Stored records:
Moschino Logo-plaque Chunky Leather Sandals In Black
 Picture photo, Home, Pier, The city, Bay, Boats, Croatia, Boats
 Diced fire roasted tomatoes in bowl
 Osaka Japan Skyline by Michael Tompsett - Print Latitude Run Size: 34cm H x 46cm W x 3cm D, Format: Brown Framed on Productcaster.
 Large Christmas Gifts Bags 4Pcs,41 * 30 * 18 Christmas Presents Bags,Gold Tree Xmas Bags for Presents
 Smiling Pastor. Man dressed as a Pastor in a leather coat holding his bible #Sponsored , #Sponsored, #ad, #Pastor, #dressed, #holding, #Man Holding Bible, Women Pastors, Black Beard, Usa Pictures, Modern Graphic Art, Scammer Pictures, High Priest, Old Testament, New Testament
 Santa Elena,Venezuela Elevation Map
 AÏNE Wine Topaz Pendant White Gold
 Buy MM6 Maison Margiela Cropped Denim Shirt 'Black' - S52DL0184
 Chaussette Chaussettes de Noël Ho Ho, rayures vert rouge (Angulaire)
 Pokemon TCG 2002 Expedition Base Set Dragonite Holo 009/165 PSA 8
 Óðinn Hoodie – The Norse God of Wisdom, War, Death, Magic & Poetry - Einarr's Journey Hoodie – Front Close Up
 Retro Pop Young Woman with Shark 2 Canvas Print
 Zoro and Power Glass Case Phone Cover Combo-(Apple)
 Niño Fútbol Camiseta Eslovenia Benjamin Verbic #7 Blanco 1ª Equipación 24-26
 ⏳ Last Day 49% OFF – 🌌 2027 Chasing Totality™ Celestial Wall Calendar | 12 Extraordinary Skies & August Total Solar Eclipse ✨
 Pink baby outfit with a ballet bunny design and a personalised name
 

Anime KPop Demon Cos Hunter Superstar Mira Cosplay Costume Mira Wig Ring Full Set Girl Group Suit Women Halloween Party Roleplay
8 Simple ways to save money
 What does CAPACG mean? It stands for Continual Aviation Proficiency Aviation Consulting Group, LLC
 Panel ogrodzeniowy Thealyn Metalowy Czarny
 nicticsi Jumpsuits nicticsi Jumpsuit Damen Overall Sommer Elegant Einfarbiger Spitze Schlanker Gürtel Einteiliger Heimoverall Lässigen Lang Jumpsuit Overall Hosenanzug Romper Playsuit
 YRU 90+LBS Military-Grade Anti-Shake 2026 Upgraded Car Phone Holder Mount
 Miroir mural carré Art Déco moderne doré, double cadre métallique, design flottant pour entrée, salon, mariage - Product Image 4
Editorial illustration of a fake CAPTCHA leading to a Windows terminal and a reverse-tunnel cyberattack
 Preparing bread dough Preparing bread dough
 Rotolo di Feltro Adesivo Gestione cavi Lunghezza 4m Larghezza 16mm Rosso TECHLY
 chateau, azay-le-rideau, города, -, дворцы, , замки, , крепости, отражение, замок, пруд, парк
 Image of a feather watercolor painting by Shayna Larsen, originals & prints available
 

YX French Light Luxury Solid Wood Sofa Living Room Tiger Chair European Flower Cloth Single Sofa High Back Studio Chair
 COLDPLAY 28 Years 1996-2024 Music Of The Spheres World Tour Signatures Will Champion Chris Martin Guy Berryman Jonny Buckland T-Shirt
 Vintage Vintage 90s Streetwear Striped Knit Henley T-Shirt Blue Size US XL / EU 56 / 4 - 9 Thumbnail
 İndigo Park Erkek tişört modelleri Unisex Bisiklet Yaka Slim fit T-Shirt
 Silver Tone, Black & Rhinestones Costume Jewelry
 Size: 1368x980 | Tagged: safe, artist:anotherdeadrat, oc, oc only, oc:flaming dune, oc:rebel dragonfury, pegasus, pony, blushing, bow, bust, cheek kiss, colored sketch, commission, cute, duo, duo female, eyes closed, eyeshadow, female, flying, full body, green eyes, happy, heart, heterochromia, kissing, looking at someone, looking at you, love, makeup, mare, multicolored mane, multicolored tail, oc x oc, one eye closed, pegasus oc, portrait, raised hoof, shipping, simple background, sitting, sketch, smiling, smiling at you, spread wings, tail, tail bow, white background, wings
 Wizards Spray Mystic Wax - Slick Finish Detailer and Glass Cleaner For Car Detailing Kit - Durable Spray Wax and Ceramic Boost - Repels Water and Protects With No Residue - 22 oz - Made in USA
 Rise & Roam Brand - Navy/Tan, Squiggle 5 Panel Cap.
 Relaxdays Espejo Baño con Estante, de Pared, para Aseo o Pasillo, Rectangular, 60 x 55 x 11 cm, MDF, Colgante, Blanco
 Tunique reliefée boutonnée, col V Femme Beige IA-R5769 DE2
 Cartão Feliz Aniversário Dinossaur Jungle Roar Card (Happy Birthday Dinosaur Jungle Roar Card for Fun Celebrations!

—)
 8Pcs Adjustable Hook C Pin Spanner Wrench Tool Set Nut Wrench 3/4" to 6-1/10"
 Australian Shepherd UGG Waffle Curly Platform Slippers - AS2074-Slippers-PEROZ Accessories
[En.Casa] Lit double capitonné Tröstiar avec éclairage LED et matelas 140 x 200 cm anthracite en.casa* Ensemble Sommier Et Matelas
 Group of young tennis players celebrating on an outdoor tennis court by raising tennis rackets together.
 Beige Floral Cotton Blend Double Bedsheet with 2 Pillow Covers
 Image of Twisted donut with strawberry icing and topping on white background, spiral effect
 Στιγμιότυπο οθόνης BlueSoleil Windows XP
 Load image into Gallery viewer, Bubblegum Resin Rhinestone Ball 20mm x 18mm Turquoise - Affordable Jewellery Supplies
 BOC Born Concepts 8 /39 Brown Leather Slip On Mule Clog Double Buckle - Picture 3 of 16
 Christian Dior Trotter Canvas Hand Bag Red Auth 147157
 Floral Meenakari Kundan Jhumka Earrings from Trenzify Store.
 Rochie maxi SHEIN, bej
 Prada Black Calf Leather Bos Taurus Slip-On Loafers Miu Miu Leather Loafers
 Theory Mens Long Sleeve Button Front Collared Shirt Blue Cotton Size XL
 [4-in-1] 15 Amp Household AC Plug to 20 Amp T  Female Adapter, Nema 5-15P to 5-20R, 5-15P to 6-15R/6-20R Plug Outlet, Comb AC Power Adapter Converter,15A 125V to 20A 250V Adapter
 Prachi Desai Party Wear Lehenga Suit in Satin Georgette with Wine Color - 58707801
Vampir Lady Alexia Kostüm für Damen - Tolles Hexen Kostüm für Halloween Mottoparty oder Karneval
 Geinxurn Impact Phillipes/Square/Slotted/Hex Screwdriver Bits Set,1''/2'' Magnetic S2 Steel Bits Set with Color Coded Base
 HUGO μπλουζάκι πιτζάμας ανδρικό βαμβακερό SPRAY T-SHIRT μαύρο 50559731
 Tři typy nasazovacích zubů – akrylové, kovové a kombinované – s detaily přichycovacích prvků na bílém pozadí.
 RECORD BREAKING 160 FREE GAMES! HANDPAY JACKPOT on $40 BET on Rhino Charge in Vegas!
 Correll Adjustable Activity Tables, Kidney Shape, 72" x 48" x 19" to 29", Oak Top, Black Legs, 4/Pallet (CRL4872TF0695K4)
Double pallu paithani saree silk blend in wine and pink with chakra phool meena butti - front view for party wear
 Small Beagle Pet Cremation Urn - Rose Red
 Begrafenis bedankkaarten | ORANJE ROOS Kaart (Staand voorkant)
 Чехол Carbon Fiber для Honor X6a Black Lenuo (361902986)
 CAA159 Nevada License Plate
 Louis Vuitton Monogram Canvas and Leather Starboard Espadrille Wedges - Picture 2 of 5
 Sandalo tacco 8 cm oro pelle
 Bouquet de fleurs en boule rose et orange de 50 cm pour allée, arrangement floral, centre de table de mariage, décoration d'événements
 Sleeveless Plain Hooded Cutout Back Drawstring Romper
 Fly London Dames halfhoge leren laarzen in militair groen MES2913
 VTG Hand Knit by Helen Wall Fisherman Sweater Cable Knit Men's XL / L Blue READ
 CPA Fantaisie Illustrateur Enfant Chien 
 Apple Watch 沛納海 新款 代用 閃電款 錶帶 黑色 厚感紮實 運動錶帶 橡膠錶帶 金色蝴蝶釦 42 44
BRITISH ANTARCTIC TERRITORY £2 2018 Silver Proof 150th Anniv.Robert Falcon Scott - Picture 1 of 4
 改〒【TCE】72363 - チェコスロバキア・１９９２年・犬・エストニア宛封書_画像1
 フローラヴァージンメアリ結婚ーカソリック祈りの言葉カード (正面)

◆ **Your assignment**
Your task is to retype the entries verbatim, starting with the line that holds "Load image into" and stopping after the line that holds "[4-in-1] 15 Amp".

◆ **Task answer**
 Load image into Gallery viewer, Bubblegum Resin Rhinestone Ball 20mm x 18mm Turquoise - Affordable Jewellery Supplies
 BOC Born Concepts 8 /39 Brown Leather Slip On Mule Clog Double Buckle - Picture 3 of 16
 Christian Dior Trotter Canvas Hand Bag Red Auth 147157
 Floral Meenakari Kundan Jhumka Earrings from Trenzify Store.
 Rochie maxi SHEIN, bej
 Prada Black Calf Leather Bos Taurus Slip-On Loafers Miu Miu Leather Loafers
 Theory Mens Long Sleeve Button Front Collared Shirt Blue Cotton Size XL
 [4-in-1] 15 Amp Household AC Plug to 20 Amp T  Female Adapter, Nema 5-15P to 5-20R, 5-15P to 6-15R/6-20R Plug Outlet, Comb AC Power Adapter Converter,15A 125V to 20A 250V Adapter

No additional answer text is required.